▶ **WORK INSTRUCTION**: Print exactly the lines below between the line containing "2025 Mercedes-Benz CLE - image 20" and the line containing "Sự Trở Lại Của", counting both of those lines. Leave pictures out.

▶ **PROVIDED RECORDS**:
########

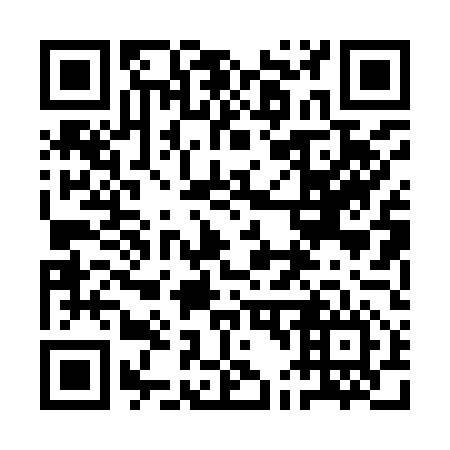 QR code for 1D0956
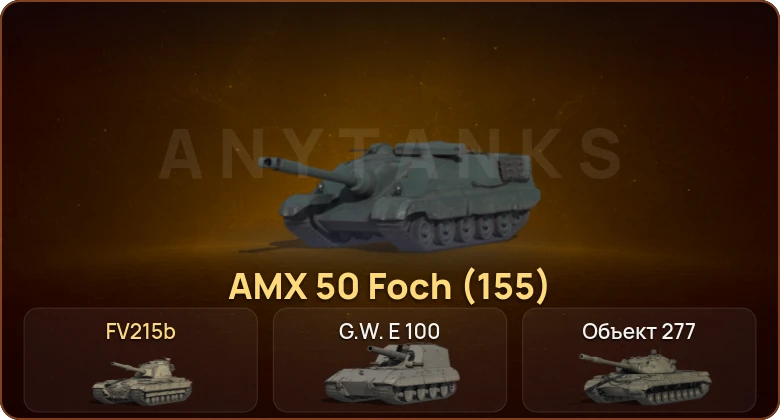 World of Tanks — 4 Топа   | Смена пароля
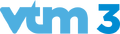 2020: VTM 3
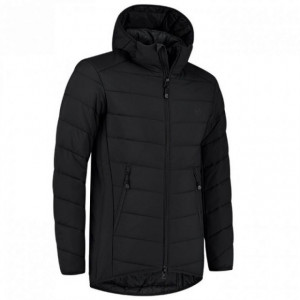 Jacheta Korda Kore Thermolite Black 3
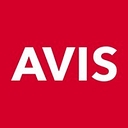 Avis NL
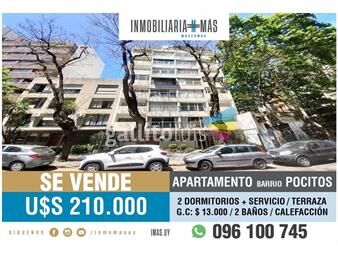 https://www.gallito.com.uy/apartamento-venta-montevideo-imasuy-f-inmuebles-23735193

########

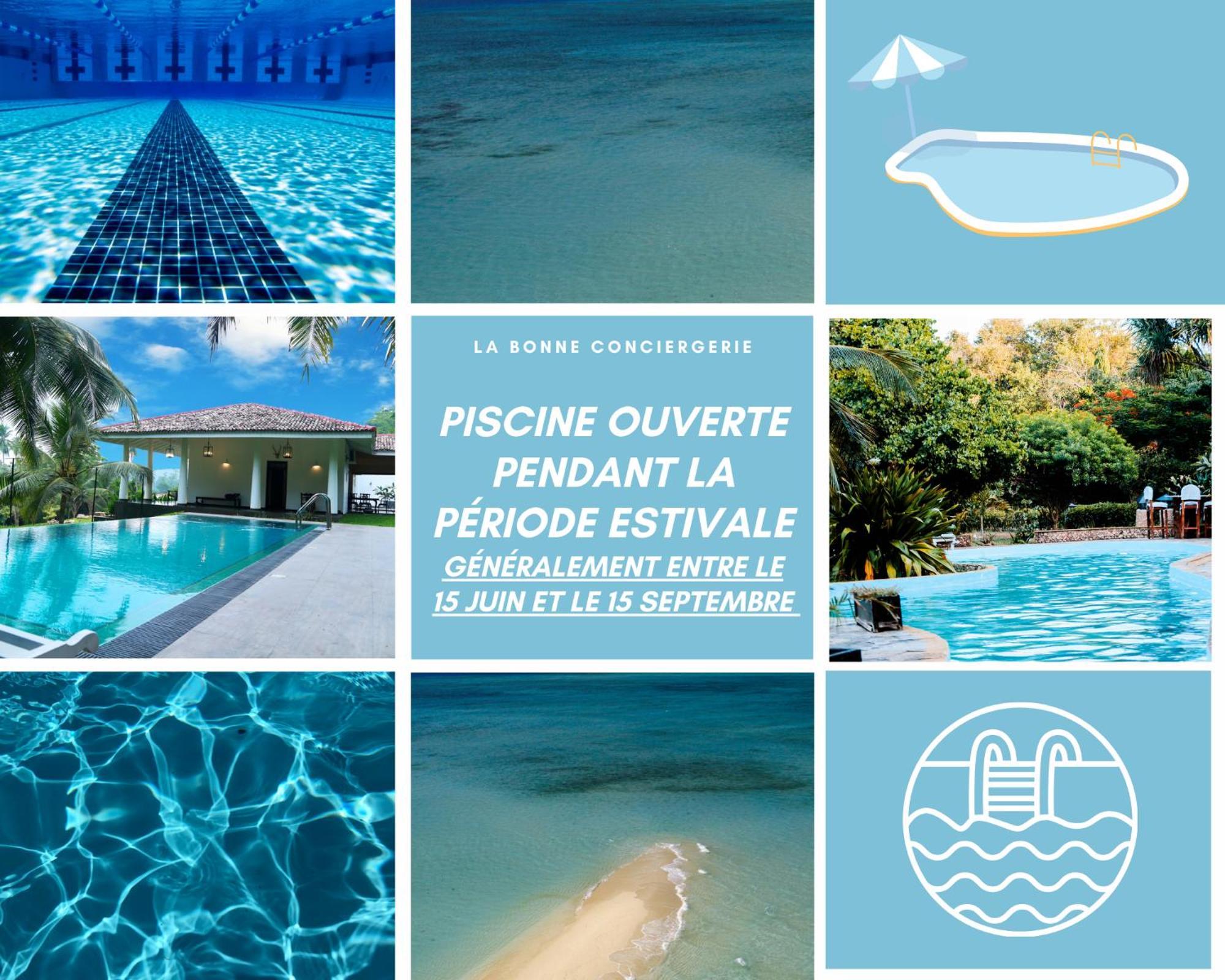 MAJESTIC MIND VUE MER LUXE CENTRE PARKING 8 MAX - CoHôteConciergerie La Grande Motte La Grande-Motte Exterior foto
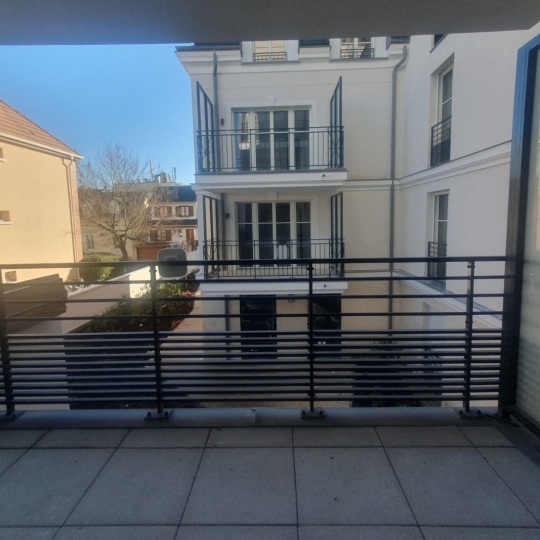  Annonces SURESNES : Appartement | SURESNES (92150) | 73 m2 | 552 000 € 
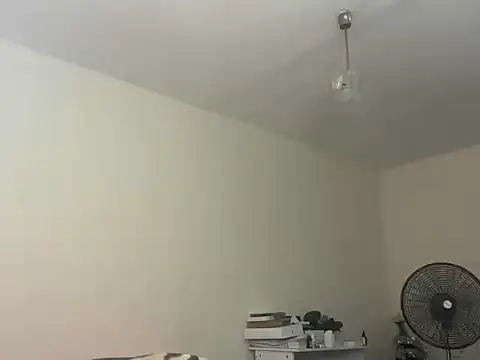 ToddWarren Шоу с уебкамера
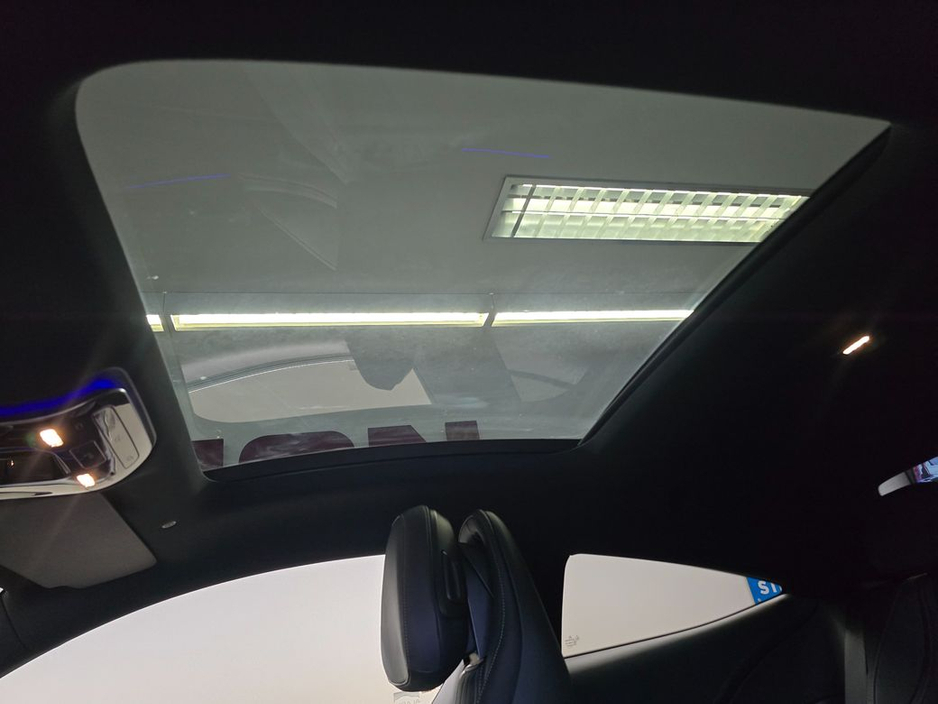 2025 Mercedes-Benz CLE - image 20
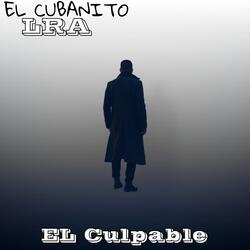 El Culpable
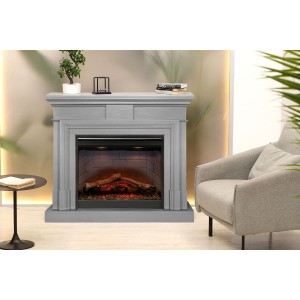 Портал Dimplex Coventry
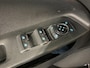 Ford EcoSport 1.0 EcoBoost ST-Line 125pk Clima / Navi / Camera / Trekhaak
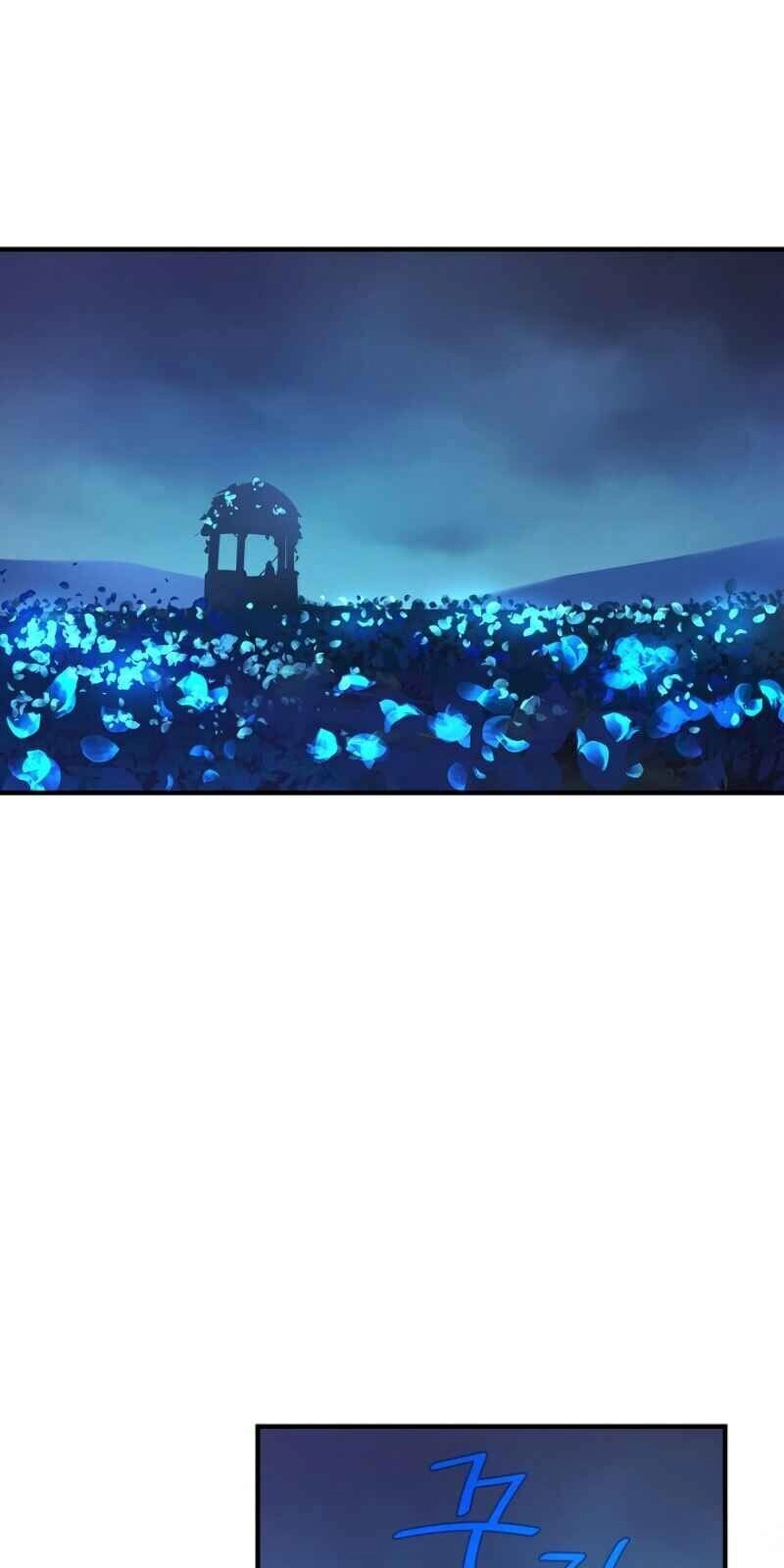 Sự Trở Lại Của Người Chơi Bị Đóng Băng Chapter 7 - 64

########

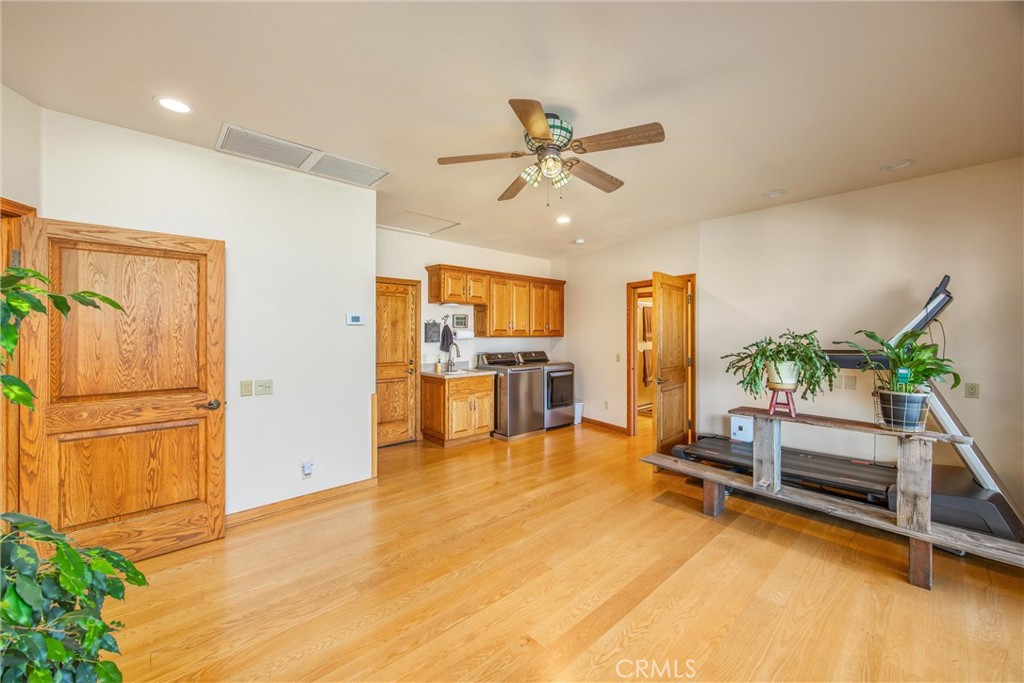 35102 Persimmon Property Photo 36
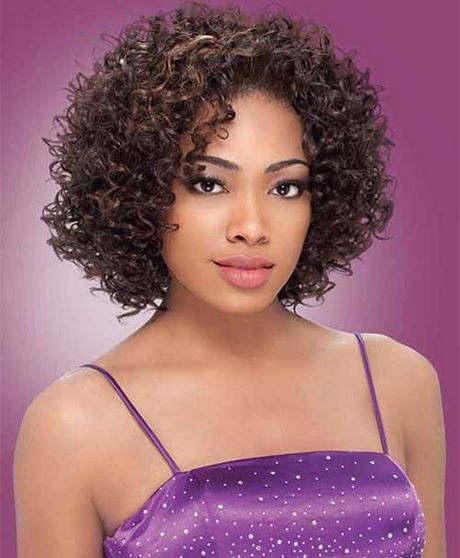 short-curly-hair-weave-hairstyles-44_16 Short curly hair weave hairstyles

########

▶ **SOLUTION TO THIS EXERCISE**:
 2025 Mercedes-Benz CLE - image 20
 El Culpable
 Портал Dimplex Coventry
 Ford EcoSport 1.0 EcoBoost ST-Line 125pk Clima / Navi / Camera / Trekhaak
 Sự Trở Lại Của Người Chơi Bị Đóng Băng Chapter 7 - 64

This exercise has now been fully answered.